FIGURE 3 Impact of ACK Packets on Data Packet Rate
Data transfer is only a part of any running user application. To have an application running fast, the CPU time spent in data transfer must be minimized. Hence, knowing how much CPU time is dedicated to data transfer helps to plan the capacity requirement.
The CPU utilization for ce cards when the number of CPUs goes from one to eight was evaluated (FIGURE 4 through FIGURE 7). The utilization numbers shown in these figures are reported as the percentage of time that all available CPUs are engaged. A single number can have different meanings when the underlying number of CPUs is different. For instance, 50 percent utilization for a system with four CPUs means two CPUs are busy on average. Fifty percent utilization for a system with eight CPUs means four CPUs are busy on average.
FIGURE 4 Throughput and Amount of Kernel Mode CPU Time Required To Support One TCP Sending Operation By One ce Card
FIGURE 5 Throughput and Amount of Kernel Mode CPU Time Required To Support One TCP Receiving Operation By One ce Card
FIGURE 6 Throughput and Amount of Kernel mode CPU Time Required To support 10 Simultaneous Sending Operations By One ce Card
FIGURE 7 Throughput and Amount of Kernel mode CPU Time Required To support 10 Simultaneous Receiving Operations By One ce Card
One-Card, One-Connection CPU Utilization
In the one-connection case6 (FIGURE 4 and FIGURE 5), two CPUs are sufficient to drive one ce card to its maximum capacity for send-only operations. For reception, three CPUs are necessary to have one ce card deliver 600 Mbps, and five CPUs are needed to deliver 700 Mbps. The best reception performance is achieved with six CPUs (736 Mbps); seven or eight CPUs do not seem to bring additional performance benefit. Even though the overall CPU utilization drops to 15 percent when there are eight CPUs (FIGURE 4), it takes about 8 * 0.15 = 1.2 CPUs to handle network traffic. When there are five CPUs, the number of CPUs to handle network traffic is 5 * 0.26 = 1.30, not far from the 1.2 CPUs needed in the 8-CPU case. In summary, two CPUs are necessary to obtain good performance for one ce card. Diminishing returns are observed for three or more CPUs.

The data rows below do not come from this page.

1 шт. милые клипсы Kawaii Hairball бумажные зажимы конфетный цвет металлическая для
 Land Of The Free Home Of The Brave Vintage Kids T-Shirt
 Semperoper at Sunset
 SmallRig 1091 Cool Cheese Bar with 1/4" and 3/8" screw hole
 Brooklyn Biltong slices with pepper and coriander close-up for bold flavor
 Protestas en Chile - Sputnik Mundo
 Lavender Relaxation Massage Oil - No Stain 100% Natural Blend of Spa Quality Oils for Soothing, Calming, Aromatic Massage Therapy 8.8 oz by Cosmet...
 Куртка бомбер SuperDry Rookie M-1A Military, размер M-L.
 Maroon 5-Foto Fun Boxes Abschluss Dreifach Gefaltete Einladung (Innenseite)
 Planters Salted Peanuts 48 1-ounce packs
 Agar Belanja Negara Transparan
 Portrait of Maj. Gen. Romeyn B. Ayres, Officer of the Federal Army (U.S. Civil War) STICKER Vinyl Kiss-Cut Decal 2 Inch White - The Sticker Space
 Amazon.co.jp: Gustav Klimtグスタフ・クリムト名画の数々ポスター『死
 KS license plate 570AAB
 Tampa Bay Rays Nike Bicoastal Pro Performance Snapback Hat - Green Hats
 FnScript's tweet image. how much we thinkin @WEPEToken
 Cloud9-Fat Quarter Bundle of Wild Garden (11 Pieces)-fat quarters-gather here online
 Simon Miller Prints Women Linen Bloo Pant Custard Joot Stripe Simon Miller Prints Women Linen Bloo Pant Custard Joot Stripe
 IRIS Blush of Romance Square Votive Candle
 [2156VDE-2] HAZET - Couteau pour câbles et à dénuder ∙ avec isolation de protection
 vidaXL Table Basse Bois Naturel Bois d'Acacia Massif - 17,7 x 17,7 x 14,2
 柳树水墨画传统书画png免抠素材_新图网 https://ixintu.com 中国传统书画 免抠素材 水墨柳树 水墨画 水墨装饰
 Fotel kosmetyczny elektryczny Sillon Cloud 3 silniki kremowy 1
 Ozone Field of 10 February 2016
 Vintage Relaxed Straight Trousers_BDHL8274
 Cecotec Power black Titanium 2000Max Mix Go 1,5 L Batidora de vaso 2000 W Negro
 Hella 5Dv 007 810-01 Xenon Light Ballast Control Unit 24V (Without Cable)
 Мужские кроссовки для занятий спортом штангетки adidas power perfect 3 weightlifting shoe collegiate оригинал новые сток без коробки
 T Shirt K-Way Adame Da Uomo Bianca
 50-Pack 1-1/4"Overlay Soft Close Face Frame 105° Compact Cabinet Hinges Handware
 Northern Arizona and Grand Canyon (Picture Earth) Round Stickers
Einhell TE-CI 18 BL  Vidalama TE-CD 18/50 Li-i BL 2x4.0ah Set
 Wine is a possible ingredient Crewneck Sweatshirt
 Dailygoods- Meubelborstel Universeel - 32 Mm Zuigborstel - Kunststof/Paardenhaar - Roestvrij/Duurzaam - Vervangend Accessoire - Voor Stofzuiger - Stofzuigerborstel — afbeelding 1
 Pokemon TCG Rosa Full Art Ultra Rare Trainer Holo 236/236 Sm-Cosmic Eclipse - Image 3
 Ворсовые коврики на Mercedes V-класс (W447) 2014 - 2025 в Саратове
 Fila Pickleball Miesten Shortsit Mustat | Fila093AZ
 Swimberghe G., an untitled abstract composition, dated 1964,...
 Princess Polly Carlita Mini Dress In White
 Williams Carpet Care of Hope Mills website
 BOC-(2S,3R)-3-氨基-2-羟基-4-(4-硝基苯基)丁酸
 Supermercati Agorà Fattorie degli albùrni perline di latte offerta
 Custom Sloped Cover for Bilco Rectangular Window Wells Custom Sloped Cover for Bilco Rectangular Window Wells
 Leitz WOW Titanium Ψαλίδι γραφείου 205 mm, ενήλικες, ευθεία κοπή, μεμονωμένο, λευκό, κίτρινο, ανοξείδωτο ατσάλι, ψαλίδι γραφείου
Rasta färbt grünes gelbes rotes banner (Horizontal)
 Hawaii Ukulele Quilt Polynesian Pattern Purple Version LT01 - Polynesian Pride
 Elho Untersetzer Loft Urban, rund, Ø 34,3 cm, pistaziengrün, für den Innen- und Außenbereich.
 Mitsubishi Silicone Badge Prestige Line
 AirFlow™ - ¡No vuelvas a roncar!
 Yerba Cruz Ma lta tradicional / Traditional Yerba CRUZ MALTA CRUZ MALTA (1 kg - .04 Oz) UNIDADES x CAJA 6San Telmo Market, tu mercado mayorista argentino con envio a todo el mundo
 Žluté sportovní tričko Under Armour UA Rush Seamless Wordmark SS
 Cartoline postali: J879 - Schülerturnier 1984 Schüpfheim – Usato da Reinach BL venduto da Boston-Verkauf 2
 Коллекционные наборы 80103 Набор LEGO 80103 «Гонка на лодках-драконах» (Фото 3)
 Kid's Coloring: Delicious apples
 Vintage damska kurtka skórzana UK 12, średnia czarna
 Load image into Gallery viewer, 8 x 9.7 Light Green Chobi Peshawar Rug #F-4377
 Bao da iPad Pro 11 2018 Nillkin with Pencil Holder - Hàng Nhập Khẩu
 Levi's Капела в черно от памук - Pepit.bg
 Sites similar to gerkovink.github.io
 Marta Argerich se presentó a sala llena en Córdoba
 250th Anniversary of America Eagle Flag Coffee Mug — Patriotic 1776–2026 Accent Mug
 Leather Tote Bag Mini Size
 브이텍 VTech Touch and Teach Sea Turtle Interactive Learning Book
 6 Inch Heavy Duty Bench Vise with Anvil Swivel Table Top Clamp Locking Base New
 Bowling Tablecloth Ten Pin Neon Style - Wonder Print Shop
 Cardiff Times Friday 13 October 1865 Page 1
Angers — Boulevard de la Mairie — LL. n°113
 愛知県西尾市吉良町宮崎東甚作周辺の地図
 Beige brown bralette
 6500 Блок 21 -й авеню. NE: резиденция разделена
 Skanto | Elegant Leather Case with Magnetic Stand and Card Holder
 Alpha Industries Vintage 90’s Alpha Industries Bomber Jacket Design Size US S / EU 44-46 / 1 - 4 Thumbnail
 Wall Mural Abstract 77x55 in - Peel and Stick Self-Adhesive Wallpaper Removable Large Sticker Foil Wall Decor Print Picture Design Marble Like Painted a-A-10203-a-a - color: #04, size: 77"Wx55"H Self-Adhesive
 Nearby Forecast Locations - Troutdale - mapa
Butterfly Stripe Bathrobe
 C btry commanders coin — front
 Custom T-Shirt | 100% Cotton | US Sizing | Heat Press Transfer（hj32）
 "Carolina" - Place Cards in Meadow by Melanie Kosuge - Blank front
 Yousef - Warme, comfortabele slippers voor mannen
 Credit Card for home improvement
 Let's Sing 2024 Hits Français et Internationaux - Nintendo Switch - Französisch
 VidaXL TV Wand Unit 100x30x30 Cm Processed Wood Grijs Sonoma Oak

One-Card, Ten-Connection CPU Utilization}
For the 10-connection scenario (FIGURE 6 and FIGURE 7), each additional CPU brings higher sending performance, with eight CPUs achieving 830 Mbps. About 8 * 35% = 2.80 CPUs are dedicated to network traffic. For receiving, ce can reach close to line speed (920 Mbps) with six CPUs, utilizing the power of 6 * 70% = 4.2 CPUs. Diminishing returns are observed when four or more CPUs are added, indicating a recommendation of three CPUs for one ce card.
Note that the preceding numbers are measured using ce driver version 1.115. The Sun engineering team devotes continuous effort to improving both the throughput and utilization. You can expect to observe better than what is reported in your future experiments.